— Image-text web data —
================================

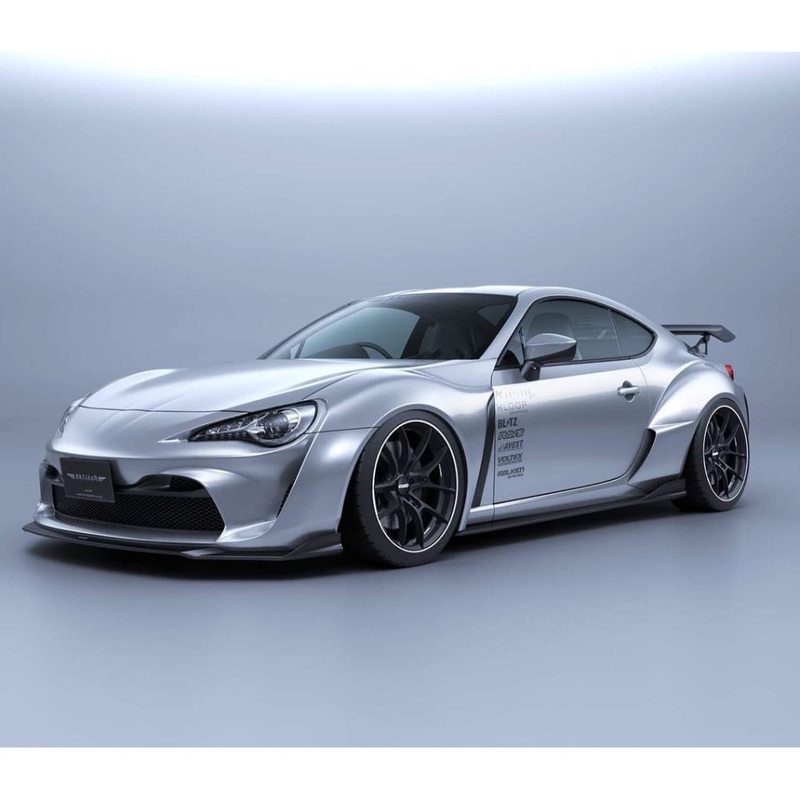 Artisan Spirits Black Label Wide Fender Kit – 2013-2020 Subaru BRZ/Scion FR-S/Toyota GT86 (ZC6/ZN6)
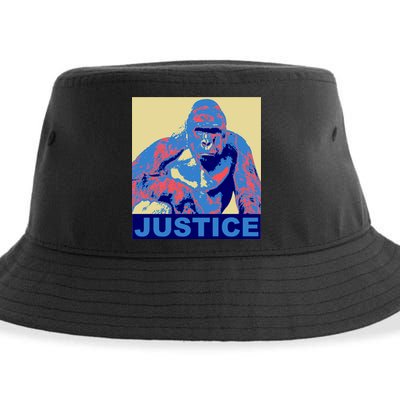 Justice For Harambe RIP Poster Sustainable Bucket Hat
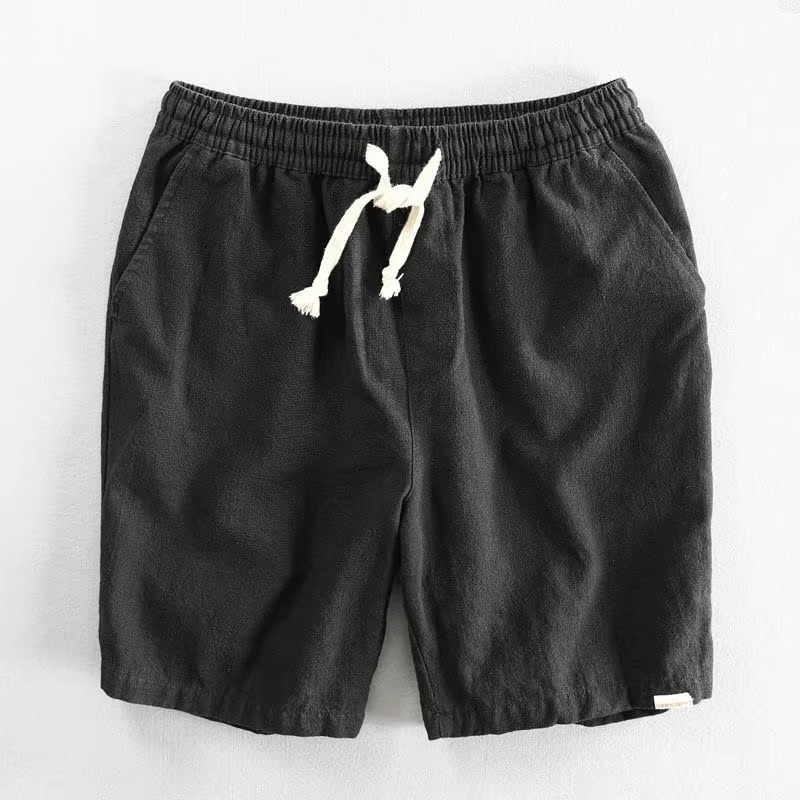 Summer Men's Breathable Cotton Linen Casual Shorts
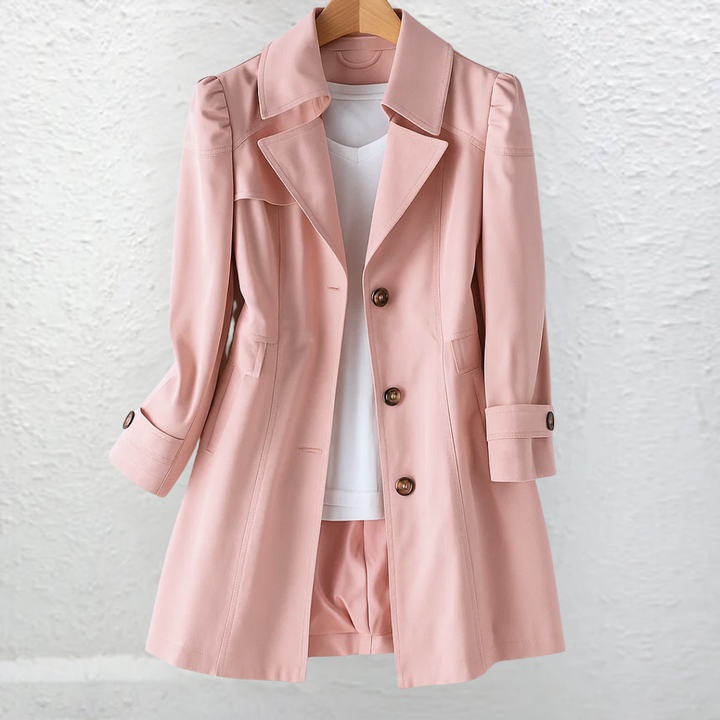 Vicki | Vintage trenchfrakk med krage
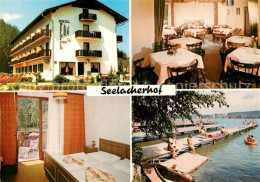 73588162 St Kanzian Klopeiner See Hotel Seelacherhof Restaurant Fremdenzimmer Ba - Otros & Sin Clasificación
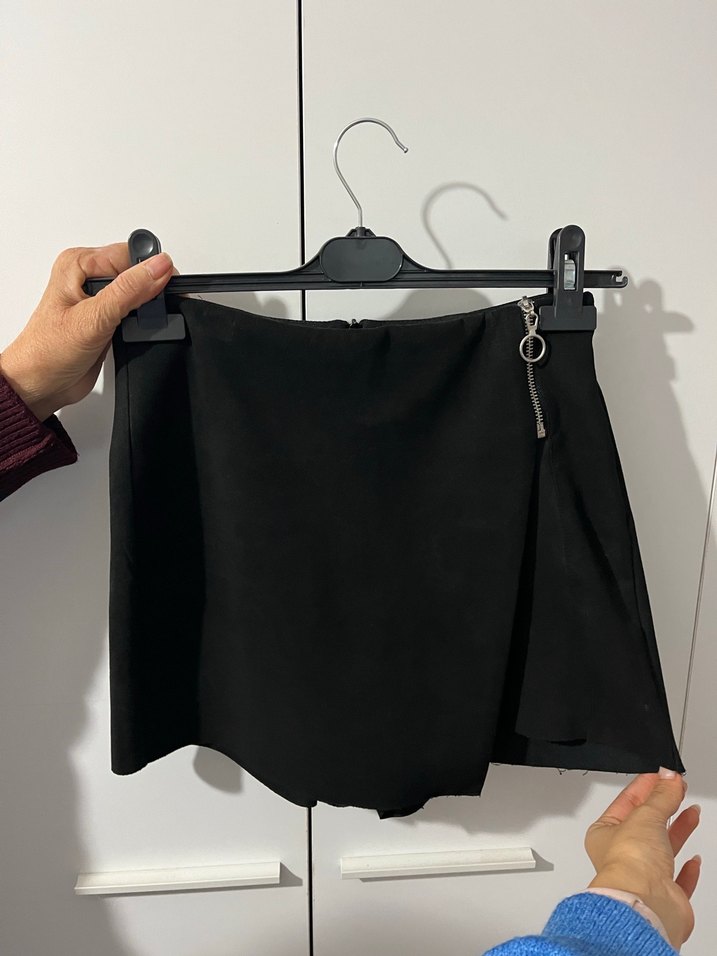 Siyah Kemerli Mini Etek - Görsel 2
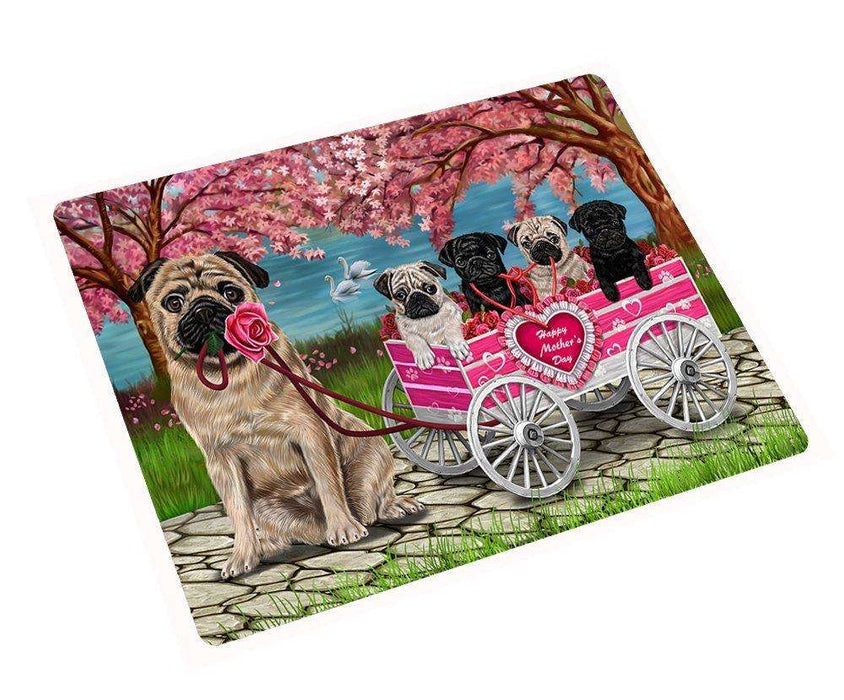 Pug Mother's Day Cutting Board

================================

— Exercise objective —
Write out the data once more exactly, omitting the pictures.

— Final answer —
 Artisan Spirits Black Label Wide Fender Kit – 2013-2020 Subaru BRZ/Scion FR-S/Toyota GT86 (ZC6/ZN6)
 Justice For Harambe RIP Poster Sustainable Bucket Hat
 Summer Men's Breathable Cotton Linen Casual Shorts
 Vicki | Vintage trenchfrakk med krage
 73588162 St Kanzian Klopeiner See Hotel Seelacherhof Restaurant Fremdenzimmer Ba - Otros & Sin Clasificación
 Siyah Kemerli Mini Etek - Görsel 2
 Pug Mother's Day Cutting Board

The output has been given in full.